Which lines in the data contain the word "Ford"? Please copy each of them.

[Items from a dataset]

*** Block opens ***

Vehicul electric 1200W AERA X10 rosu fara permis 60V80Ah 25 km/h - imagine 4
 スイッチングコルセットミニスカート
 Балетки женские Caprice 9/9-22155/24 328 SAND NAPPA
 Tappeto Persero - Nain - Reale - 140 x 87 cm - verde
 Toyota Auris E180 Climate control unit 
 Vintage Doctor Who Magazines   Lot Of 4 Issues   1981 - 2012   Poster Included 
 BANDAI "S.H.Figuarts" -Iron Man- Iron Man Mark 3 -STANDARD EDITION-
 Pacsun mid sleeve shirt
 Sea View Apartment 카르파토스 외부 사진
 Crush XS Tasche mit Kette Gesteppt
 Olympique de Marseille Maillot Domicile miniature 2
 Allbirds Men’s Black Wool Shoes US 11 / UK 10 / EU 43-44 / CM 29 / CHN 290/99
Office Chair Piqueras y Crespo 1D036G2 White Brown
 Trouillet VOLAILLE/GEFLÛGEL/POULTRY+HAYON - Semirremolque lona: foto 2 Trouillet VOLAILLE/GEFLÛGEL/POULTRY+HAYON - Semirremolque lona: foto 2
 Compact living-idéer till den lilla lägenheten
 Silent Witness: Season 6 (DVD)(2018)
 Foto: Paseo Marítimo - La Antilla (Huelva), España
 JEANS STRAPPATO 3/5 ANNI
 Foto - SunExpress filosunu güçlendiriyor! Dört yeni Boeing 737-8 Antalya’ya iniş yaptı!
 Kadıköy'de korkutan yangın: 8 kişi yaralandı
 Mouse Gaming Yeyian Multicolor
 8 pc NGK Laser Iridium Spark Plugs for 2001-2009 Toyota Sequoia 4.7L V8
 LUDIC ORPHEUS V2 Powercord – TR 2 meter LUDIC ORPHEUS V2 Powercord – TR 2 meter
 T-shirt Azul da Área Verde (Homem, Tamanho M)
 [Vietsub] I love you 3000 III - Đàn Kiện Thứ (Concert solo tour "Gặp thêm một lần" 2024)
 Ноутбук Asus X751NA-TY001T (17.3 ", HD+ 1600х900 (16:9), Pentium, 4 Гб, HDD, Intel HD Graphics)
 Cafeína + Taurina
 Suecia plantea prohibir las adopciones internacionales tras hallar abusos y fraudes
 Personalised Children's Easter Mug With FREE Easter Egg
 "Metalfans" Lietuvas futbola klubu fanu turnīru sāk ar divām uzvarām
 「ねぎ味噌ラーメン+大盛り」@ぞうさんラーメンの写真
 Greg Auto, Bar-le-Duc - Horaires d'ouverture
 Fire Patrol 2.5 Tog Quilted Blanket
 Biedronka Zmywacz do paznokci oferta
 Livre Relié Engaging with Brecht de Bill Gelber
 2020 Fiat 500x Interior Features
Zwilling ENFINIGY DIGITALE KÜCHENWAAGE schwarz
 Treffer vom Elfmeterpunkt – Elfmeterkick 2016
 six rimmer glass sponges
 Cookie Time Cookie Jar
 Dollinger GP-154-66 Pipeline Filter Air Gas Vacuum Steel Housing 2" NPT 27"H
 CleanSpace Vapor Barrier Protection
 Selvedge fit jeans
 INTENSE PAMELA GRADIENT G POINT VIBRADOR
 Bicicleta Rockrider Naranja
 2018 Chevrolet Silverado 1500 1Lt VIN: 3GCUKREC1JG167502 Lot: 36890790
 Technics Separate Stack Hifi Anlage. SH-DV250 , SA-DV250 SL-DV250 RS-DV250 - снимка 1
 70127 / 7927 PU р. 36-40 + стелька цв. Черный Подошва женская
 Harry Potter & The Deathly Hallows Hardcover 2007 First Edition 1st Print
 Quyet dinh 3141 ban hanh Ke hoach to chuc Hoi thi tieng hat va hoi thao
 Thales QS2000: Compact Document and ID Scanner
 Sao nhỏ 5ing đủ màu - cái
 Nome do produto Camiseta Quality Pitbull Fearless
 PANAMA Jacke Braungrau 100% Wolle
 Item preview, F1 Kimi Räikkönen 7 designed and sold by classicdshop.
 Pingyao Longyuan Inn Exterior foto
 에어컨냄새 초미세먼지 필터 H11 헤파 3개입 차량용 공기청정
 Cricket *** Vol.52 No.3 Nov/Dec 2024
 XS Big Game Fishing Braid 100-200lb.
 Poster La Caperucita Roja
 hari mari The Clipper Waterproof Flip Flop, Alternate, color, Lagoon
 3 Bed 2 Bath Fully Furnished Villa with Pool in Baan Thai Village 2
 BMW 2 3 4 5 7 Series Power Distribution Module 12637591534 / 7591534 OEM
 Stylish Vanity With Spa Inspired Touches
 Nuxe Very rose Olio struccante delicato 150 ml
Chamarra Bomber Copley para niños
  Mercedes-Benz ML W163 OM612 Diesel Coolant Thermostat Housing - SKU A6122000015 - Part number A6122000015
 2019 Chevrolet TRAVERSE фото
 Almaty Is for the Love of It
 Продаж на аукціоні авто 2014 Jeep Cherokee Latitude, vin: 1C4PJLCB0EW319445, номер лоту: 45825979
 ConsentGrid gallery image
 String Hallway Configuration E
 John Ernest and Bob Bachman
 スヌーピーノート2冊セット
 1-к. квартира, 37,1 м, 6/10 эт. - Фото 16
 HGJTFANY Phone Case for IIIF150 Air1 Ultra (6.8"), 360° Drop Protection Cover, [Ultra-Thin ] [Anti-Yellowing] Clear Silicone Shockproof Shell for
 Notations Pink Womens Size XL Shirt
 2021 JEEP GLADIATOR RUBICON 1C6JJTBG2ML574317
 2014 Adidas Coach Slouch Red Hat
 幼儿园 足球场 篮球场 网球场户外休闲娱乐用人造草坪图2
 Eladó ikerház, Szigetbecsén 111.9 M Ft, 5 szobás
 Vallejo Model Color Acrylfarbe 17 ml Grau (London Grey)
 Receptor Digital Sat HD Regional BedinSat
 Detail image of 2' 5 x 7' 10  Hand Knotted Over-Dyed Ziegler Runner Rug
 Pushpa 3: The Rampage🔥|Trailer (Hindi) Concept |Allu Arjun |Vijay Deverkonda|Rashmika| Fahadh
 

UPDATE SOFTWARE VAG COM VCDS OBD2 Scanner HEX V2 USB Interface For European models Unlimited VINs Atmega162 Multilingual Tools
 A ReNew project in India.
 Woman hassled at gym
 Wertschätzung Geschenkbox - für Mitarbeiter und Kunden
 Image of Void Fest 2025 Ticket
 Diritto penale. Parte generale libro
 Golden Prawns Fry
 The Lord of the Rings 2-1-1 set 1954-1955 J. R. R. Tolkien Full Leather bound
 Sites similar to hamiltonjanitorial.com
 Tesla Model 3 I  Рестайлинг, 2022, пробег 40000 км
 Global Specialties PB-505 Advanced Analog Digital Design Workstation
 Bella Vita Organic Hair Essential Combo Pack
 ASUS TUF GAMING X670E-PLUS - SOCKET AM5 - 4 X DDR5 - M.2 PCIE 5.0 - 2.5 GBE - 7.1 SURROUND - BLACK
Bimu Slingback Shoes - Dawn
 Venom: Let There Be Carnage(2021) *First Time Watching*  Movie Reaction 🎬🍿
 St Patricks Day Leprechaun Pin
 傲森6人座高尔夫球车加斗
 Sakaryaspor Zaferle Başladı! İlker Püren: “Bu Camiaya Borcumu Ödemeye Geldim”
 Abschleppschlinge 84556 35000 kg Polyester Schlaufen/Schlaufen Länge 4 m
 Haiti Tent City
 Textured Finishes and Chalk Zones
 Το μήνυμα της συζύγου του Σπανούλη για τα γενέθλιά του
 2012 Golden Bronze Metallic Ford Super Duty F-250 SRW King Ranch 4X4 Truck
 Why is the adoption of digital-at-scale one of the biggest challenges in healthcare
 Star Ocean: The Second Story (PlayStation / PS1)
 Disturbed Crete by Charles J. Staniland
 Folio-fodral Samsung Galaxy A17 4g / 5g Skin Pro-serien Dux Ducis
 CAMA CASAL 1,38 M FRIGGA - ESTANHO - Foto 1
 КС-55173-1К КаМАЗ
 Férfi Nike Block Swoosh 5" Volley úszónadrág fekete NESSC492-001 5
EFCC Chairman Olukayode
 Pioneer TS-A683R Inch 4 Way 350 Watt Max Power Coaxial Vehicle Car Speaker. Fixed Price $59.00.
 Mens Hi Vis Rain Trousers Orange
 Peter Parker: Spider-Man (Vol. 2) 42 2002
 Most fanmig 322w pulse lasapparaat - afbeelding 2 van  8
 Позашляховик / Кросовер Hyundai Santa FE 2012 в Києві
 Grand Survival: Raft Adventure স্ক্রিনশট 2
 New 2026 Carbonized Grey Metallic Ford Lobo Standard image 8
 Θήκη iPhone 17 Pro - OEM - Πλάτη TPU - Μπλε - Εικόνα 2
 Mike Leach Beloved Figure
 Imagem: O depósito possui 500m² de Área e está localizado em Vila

*** Block closes ***

▶ Result
 2012 Golden Bronze Metallic Ford Super Duty F-250 SRW King Ranch 4X4 Truck
 New 2026 Carbonized Grey Metallic Ford Lobo Standard image 8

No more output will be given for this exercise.